From the five papers simply describing the time variation of 18F–FDG uptake during RT or CRT (Table 1), interim PET parameters emerge as capable of detecting early metabolic modifications, linked to metabolic response [34, 35], and to longer Progression Free Survival (PFS) in patients with complete metabolic response [36]. In particular, Massaccesi et al. found a decrease of the basal SUVmax and metabolic tumour volume earlier during the third week of CRT [36]. Van Baardwijk et al. demonstrated different evolution of SUVmax for metabolic responders (no changes during RT) and non-responders (consistent increase at all time points, up to ∼50%) [34]. Giovacchini et al. found a progressive significant decrease of SUVmax at any time in metabolic responders [35]. Edet-Sanson et al., who performed FDGint every 14 Gy in order to determine an optimal time window for tumour response [26], observed a linear decrease in SUVmax for tumours and lymph nodes, with ∼50% decrease in SUVmax around 40–45 Gy. De Ruysscher focused the study on normal lung uptake and found higher lung SUVmax at one and 2 weeks during treatment in six out of 18 patients who later developed Radiation Induced Lung Toxicity (RILT) [25].

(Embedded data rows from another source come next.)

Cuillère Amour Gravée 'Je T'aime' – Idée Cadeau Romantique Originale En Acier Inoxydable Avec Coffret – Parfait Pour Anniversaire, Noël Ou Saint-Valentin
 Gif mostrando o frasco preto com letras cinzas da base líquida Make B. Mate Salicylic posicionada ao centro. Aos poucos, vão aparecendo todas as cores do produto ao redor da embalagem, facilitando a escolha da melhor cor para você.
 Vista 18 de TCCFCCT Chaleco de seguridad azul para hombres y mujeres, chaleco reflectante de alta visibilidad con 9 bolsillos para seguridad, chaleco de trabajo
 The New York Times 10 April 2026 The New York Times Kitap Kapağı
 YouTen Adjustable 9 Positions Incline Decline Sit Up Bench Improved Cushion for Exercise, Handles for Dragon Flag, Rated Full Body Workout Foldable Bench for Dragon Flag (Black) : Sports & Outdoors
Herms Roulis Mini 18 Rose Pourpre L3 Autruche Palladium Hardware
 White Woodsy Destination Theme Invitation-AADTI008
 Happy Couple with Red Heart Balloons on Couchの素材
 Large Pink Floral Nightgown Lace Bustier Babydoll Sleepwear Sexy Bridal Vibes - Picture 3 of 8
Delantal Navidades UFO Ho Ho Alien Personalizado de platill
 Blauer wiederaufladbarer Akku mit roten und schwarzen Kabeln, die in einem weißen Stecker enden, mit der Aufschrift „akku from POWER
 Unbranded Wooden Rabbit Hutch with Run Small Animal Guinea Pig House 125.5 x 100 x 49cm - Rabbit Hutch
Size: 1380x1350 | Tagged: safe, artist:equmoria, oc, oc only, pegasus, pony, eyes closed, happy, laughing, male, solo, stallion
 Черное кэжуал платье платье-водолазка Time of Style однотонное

The three studies focused specifically on the FDGint assessment of NSCLC response to RT or CRT (Table 2) demonstrated that metabolic changes measured by FDGint were predictive of tumour response after treatment established with RECIST criteria [19, 37, 38]. Despite the differences in stages, treatment approaches, and timing of FDGint, these studies were able to distinguish responders from non-responders, and investigated parameters that found correlations. Kim et al. found that ΔSUVmax and ΔSUVmean were significantly larger in responders, whilst ΔMTV or ΔTLG had no correlation with outcome [38]. Huang (2011) et al. found that not only ΔSUVmax and ΔSUVmean but even ΔMTV were significantly more pronounced in responders [19]. Responses of tumours and lymph nodes during RT correlated with those at 3 months after treatment in the study by Kong et al. [37].
Also, the eight papers inherent in the prognostic value of FDGint verified the capability to identify groups with better PSF and survival rate (Table 3) [20, 39,40,41,42,43,44,45]. There were several PET parameters found to be useful to distinguish responder and non-responder groups: ΔSUVmax of 50% for significant response and survival rate at 1-year and 2-years [39]; ΔSUVmean of 15% with statistically different survival (2-year OS of 33% vs. 92%) [40]; absolute SUVmax of ∼5 as the single variable predictive of death or tumour progression at 1 year in multivariate analysis [42]; cut-off values for survival curves of ΔSUVmax, ΔSUVmean and ΔMTV of 37%, 42% and 30%, respectively, with ΔMTV being the only independent prognostic factor for OS [41]; ΔTLG of 15% as the more robust predictor for OS and PFS, with higher ΔTLG correlating with better OS in multivariate analysis for stage IIIB [43]; ΔTLG of 40%–50% for longer PFS [20].
Grootjans et al. evaluated different automatic segmentation algorithms, such as the fixed threshold region (MTV40 and MTV50), iterative relative-threshold level (RTL), signal to background ratio (SBR), and fuzzy locally adaptive bayesian algorithm (FLAB). The authors found that the sum of the ΔTLG of the tumour and of lymph nodes (ΔTLGs) was significantly associated with PFS and OS, with SBR as the method of choice for calculation of TLG [45]. Dong et al. evaluated instead the early change of metabolic tumour heterogeneity during CRT by textural features including SUVmax and MTV and, at multivariate analysis, they found that contrast (a textural feature derived from the normalized grey-level of the co-occurrence matrix) was the only feature with significant independent prognostic value, with Δcontrast% > 70% associated with improved PFS and OS [44].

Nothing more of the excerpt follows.